There are some differences between Base.Iterators.partition and IterTools.partition. I brought it up on Slack and @oxinabox asked me to file an issue.

  1. Base.Iterators.partition returns each chunk as an Array, whereas IterTools.partition returns a Tuple
  2. In the case that the last chunk is smaller than the requested partition size, Base.Iterators.partition returns a shorter chunk, whereas IterTools.partition drops the last values.
  3. IterTools.partition accepts a step argument that determines the hop size for each chunk.
ssfrr commented 4 years ago

update - I think on master Base.Iterators.partition now returns views into the original array, not Arrays.

This might (?) be the last inconsistency that would need to be addressed before something like #30 could be resolved. How do folks want to resolve the differences listed above? I'd propose using the Base.Iterators behavior for (1) and (2), but keeping the step argument.

One path forward would be to add the step argument as a PR to Base, then just reexport Base.Iterators.partition.

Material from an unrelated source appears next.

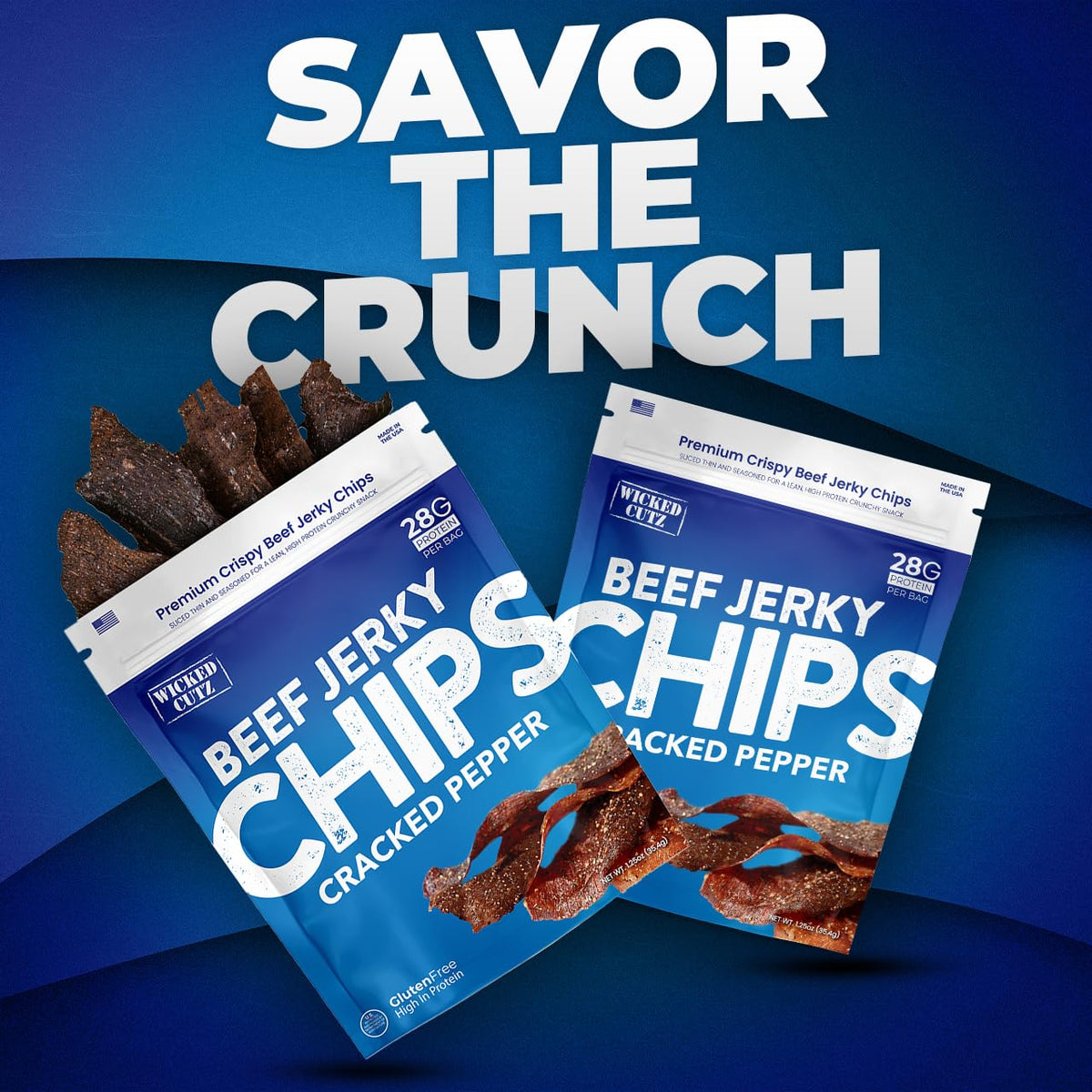 Wicked Cutz Cracked Pepper Beef Jerky Chips – 28g Protein Per Bag, Crispy Jerky Crisps, USA Made Pepper Flavored Snacks (2 Bags)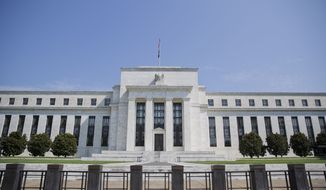 The Federal Reserve Building on Constitution Avenue in Washington is seen Aug. 2, 2017, in Washington. The Federal Reserve said Monday, May 9, 2022 that Russia&#39;s war in Ukraine and surging inflation are now the greatest threats facing the global economy, supplanting the coronavirus pandemic. (AP Photo/Pablo Martinez Monsivais)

This would also take advantage of the recent improvements that @mbauman made.

omus commented 4 years ago

Change to make Base.Iterators.partition return views was done in: https://github.com/JuliaLang/julia/pull/33533

goretkin commented 4 years ago

I'm in favor of keeping the current behavior of IterTools.partition, perhaps under a different name, to avoid confusion with Base.

For example, implementing Base.diff, but for an iterable it instead of just AbstractVectors is very natural in terms of IterTools.partition(it, 2, 1), and the fact that it produces a stream of tuples, which have a length known at compile time is (I'm guessing) beneficial for efficient code generation.

ssfrr commented 4 years ago

Yeah, it's sort of a shame that the implementation needs to be different depending on whether it's designed for long or short partitions (which would use Arrays or Tuples, respectively). For instance, in my use case (streaming audio) I often want to chop the stream into chunks of 512 or 1024 elements, so Tuples aren't good for that. Maybe the partition type should be provided as an optional argument to partition?

goretkin commented 4 years ago

Oh, good. That's an important use too. Base.Iterators.partition returns views into the array, instead of copies, now. Does that fit the audio chunking need?

ssfrr commented 4 years ago

Yeah, array views are good for me

pepijndevos commented 1 year ago

Difference 2 is handled in Clojure by having partition-all and partition, where base partition maps to Clojure's partition-all behavior.

Difference 1 & 2 are grouped together in Transducers under Consecutive vs Partition. So you either get fixed length tuples or variable length arrays.

I think this roughly aligns with common usage patterns where you either want to have small fixed length groups, or process large chunks of an array.

In my ideal universe both consecutive (IterTools partition) and partition would be in base, both supporting a step argument.